Background: Evidence state that periodontitis may have a contributory role in the onset and progression of pulmonary diseases. However, very limited data are available till date, studying the coexistence of both the conditions. Aim and Objective: The aim and objective of this study are to determine the prevalence of periodontitis among patients affected with various pulmonary diseases in Moradabad District, Uttar Pradesh, India. Materials and Methods: A total of 700 patients suffering from pulmonary diseases including tuberculosis (TB), chronic obstructive pulmonary disease, or pneumonia within the age group of 12–70 years were selected for the study. A detailed case-history for both pulmonary and periodontal status was taken. Periodontal Disease Index and Periodontal Index for Risk of Infectiousness were recorded for all patients. The scores were calculated and subjected to statistical analysis.
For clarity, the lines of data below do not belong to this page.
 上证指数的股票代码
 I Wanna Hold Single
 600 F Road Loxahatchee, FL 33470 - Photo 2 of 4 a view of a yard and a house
Results: Individuals with pulmonary diseases showed a statistically significant prevalence of periodontal disease with higher values of periodontal disease index (31%) and periodontal index for risk of infectiousness (55%) at P < 0.05. Patients suffering from TB within the age group of 51–60 (42%) showed the highest prevalence of periodontitis with a more number of males (43%) being affected as compared to females at P < 0.01. Conclusion: Most of the study population was diagnosed with periodontitis with a higher proportion categorized under high-risk category as per PIRI scores.

Keywords: Chronic obstructive pulmonary disease, cross-sectional survey, periodontitis, pneumonia, tuberculosis


How to cite this article:
Rastogi T, Chowdhary Z, Krishna MK, Mehrotra S, Mohan R. Prevalence of periodontitis in patients with pulmonary disease: A cross-sectional survey in the industrial district of India. J Indian Soc Periodontol 2019;23:269-74

How to cite this URL:
Rastogi T, Chowdhary Z, Krishna MK, Mehrotra S, Mohan R. Prevalence of periodontitis in patients with pulmonary disease: A cross-sectional survey in the industrial district of India. J Indian Soc Periodontol [serial online] 2019 [cited 2019 Oct 16];23:269-74. Available from: http://www.jisponline.com/text.asp?2019/23/3/269/251769




   Introduction Top


Microbial plaque associated with periodontal infection, the chronic nature of these diseases, and the exuberant local and systemic host responses to the microbial assault are the influencing factors for the overall health and the course of various systemic diseases.[1] Miller suggested an extensive role of the oral cavity and oral infection such as periodontal disease for having systemic effects.[2] Since the very beginning of medical sciences, the association between the oral health and the general health of an individual has been a subject of interest.[1],[3],[4],[5],[6] Contemporary studies of the association of periodontal diseases with systemic disorders and their mutual cause-effect relationships are one of the main areas of research in periodontology.[1],[6],[7],[8],[9],[10]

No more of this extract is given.